Work task: Every line from the one with "Printed Lantern Sleeve" to the one with "PADOOR-Bath Mat Runner-Super", including those two, is to be copied exactly; all other lines of the entries below are left out.
***** Data
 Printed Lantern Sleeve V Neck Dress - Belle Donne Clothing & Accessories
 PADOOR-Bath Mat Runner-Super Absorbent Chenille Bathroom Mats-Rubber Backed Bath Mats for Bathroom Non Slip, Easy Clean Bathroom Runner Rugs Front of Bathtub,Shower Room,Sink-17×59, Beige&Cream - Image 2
**********
***** Data
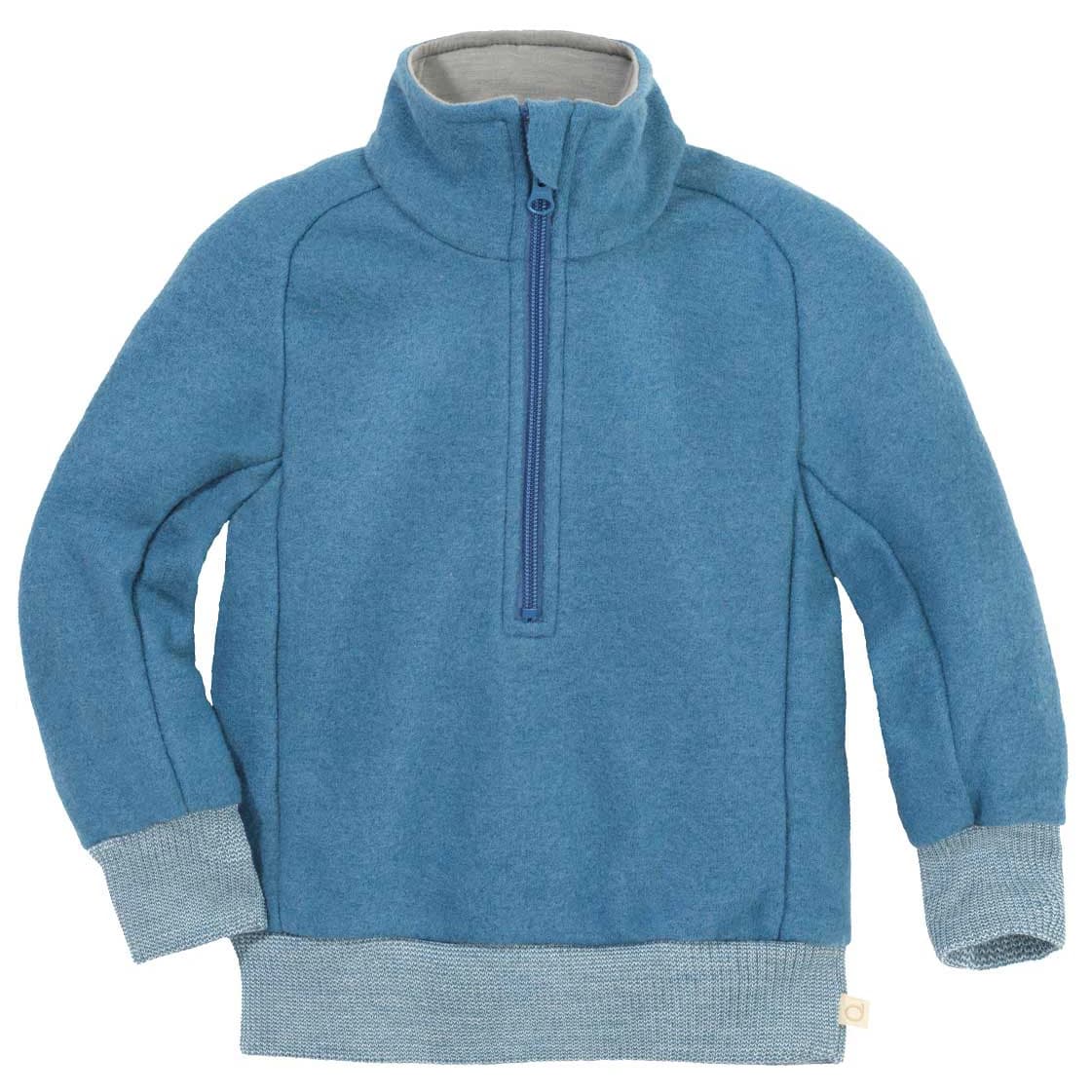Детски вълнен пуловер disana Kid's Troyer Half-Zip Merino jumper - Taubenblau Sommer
**********
Answer to the problem:
 Printed Lantern Sleeve V Neck Dress - Belle Donne Clothing & Accessories
 PADOOR-Bath Mat Runner-Super Absorbent Chenille Bathroom Mats-Rubber Backed Bath Mats for Bathroom Non Slip, Easy Clean Bathroom Runner Rugs Front of Bathtub,Shower Room,Sink-17×59, Beige&Cream - Image 2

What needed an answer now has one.